Ernest Hemingway
Bukit-bukit di seberang lembah Sungai Ebro tampak putih memanjang. Di sisi ini tidak ada pepohonan rindang ataupun tempat berteduh alami. Sebuah stasiun kereta duduk terhimpit di antara dua pasang rel besi yang berkilauan di tengah gempuran cahaya matahari siang. Sementara itu, di sebelah stasiun kereta terlihat sebuah bar kecil dengan pintu terbuka lebar; serta selembar tirai manik bambu yang menggantung di ambang pintu guna mengusir lalat yang beterbangan.
Seorang pemuda asal Amerika dan seorang gadis duduk di salah satu meja yang berada di luar stasiun. Hari itu sangat panas dan kereta ekspres dari Barcelona baru akan tiba dalam waktu empat puluh menit ke depan. Kereta tersebut hanya akan berhenti di stasiun ini selama dua menit sebelum melanjutkan perjalanannya ke Madrid.
“Mau minum apa?” tanya si gadis. Dia telah melepas topinya dan meletakkannya di atas meja.
“Apa saja yang enak diminum dalam cuaca panas seperti ini,” kata si pemuda.
“Kalau gitu kita pesan bir.”
“Dos cervezas,” ujar si pemuda sambil menoleh ke arah tirai yang terbuat dari manik bambu.
“Dalam gelas besar?” tanya seorang pelayan wanita dari ambang pintu bar.
“Ya. Dua gelas besar.”
Pelayan itu membawakan dua gelas besar bir serta sepasang tatakan gelas. Ia meletakkan kedua gelas di atas tatakan sambil menatap ke arah sepasang kekasih tersebut. Si gadis tengah mengamati kontur perbukitan yang memanjang. Undakkan itu tampak putih di bawah sinar matahari dan daerah di sekitarnya terlihat gersang kecokelatan.
“Bukit-bukit itu bentuknya seperti segerombol gajah putih,” kata si gadis.
“Aku belum pernah melihat bentuk gajah putih.” Si pemuda meneguk bir dari dalam gelas.
“Tentu saja kau belum pernah melihatnya.”
“Tapi aku mungkin pernah melihatnya,” dalih si pemuda. “Tuduhanmu tidak membuktikan apa-apa.”
Gadis itu kini mengalihkan perhatiannya ke arah tirai manik bambu. “Mereka menuliskan sesuatu di permukaan manik-manik itu,” kata si gadis. “Apa yang mereka tulis?”
“Anis del Toro.

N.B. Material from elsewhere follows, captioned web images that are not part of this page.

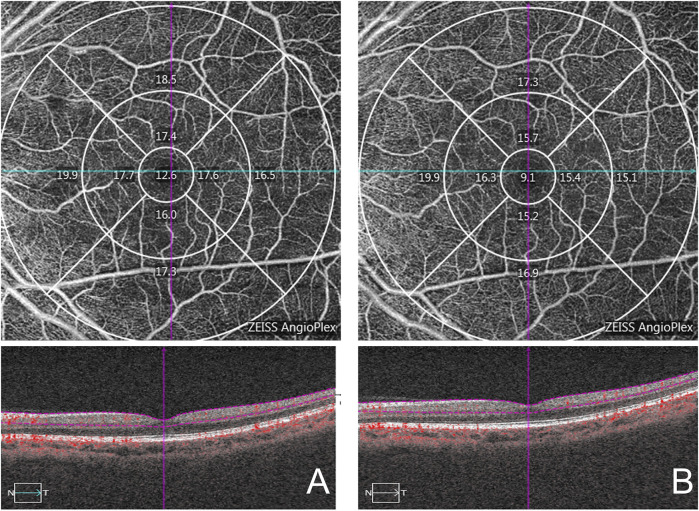 FIGURE 3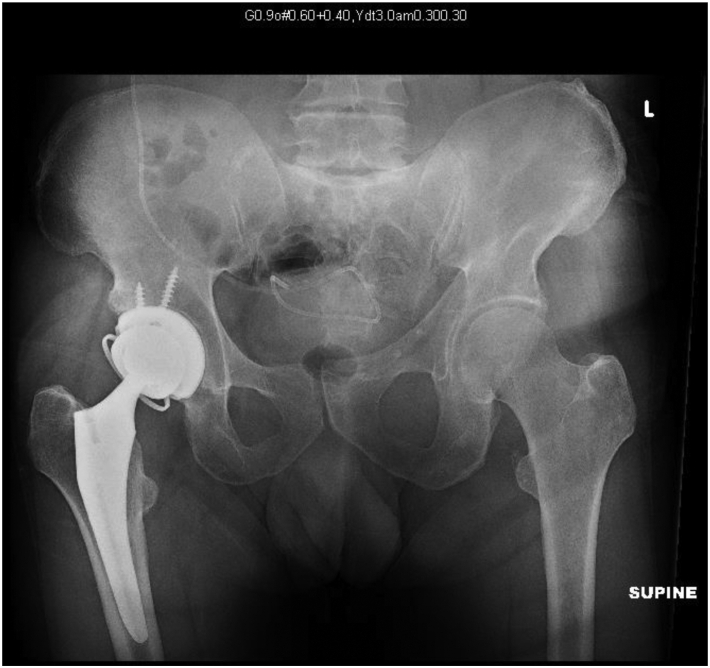 Figure 4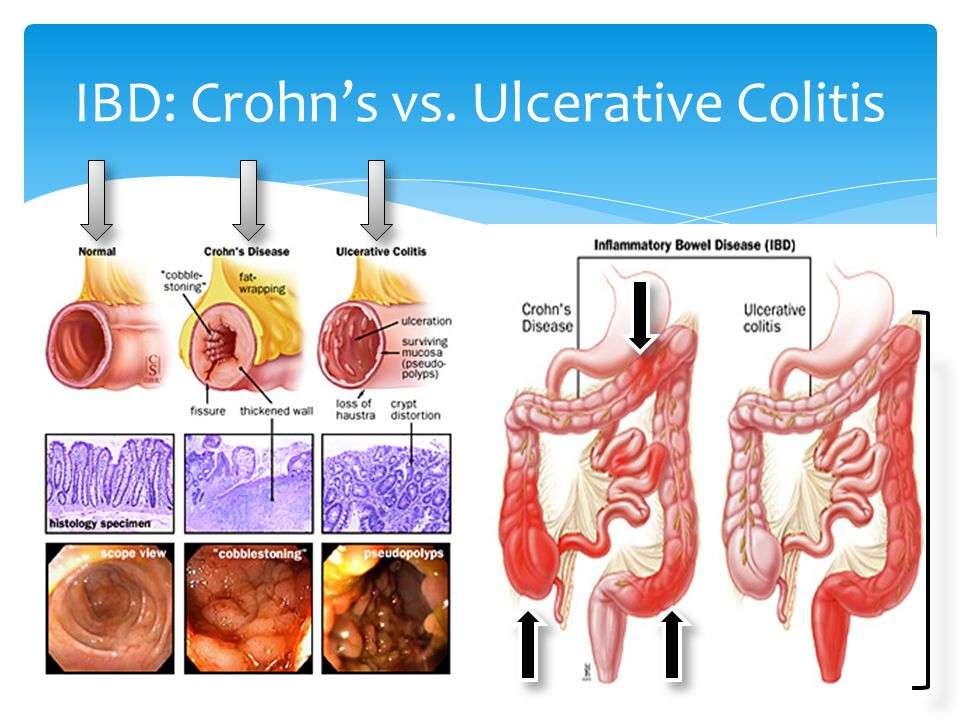 Crohns Disease vs Ulcerative Colitis : IBD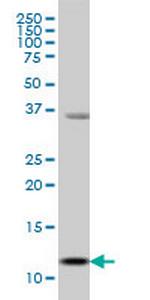 S100A13 Monoclonal Antibody (3A7)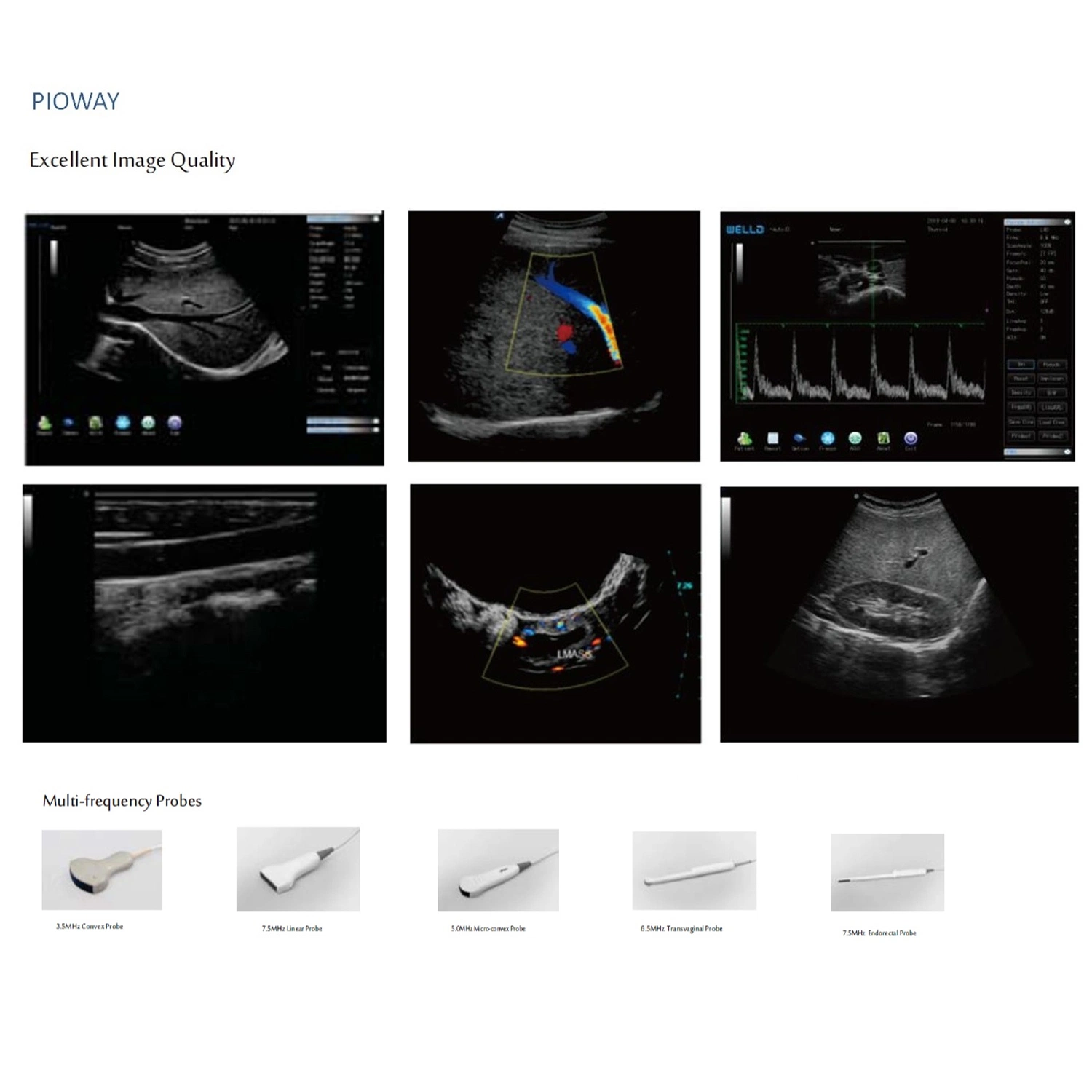 Portable Color Doppler Utrasound Scanner with Ce Certificate (PW-190)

Jenis minuman.”
“Boleh dicoba?”
Pemuda itu memanggil pelayan tadi lewat tirai yang sama. Pelayan tersebut melangkah keluar dari bar dan menghampiri pelanggannya.
“Empat real.”
“Dia mau memesan dua Anis del Toro.”
“Dengan air putih?”
“Kau mau menambahkan air putih?”
“Entahlah,” kata si gadis. “Apa masih enak kalau ditambah air?”
“Biasa saja.”
“Jadi tambah air atau tidak?” tanya si pelayan.
“Ya, ditambah air.”
“Rasanya seperti licorice,” ujar si gadis, meletakkan gelas minumannya di atas meja.
“Semua minuman rasanya seperti itu.”
“Ya,” kata si gadis. “Semua minuman rasanya seperti licorice. Terutama semua minuman yang sulit dicari, seperti absinthe.”
“Sudahlah. Jangan dibicarakan.”
“Kau yang memulai,” gerutu si gadis. “Aku cuma bercanda. Aku menikmati minumanku.”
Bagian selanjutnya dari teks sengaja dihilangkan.